How to Reconstitute Peptides: Step-by-Step Lab Protocol

A vial of lyophilised peptide, a vial of sterile bacteriostatic water, a sterile syringe and needle, alcohol swabs, and a clean working surface. Bacteriostatic water is the standard reconstitution solvent for research peptides because it includes 0.9 percent benzyl alcohol to inhibit bacterial growth.

1. Bring both the peptide vial and the bacteriostatic water to room temperature. This prevents condensation inside the lyophilised vial and helps preserve compound integrity.

2. Wipe both vial stoppers with an alcohol swab.

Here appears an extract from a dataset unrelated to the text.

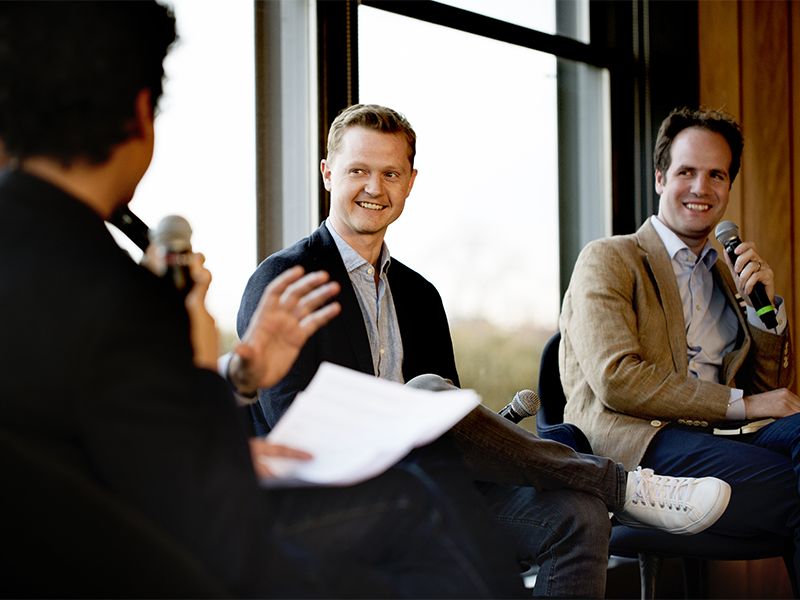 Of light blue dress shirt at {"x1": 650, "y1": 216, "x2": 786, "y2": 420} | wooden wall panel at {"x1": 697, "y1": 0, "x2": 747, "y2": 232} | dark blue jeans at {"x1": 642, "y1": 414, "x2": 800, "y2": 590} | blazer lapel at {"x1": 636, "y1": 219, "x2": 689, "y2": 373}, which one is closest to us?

3. Draw the required volume of bacteriostatic water into the syringe.

4. Insert the needle into the peptide vial at an angle so the water flows down the side of the vial onto the lyophilised cake. Do not jet water directly onto the cake, this causes mechanical degradation.

5. Allow the cake to dissolve passively. Gently swirl, never shake. Shaking introduces air bubbles and can denature the peptide.

6. Once fully dissolved, label the vial with the date of reconstitution and store at 2 to 8 degrees Celsius.

Concentration is total peptide mass divided by reconstitution volume. For example, a 5 mg vial reconstituted with 2 ml of bacteriostatic water yields a concentration of 2.5 mg/ml. Standardising reconstitution volume across your protocol simplifies downstream measurement.

Always use a fresh sterile syringe and needle. Never reuse needles between vials. Bacteriostatic water inhibits bacterial growth but is not a substitute for clean technique.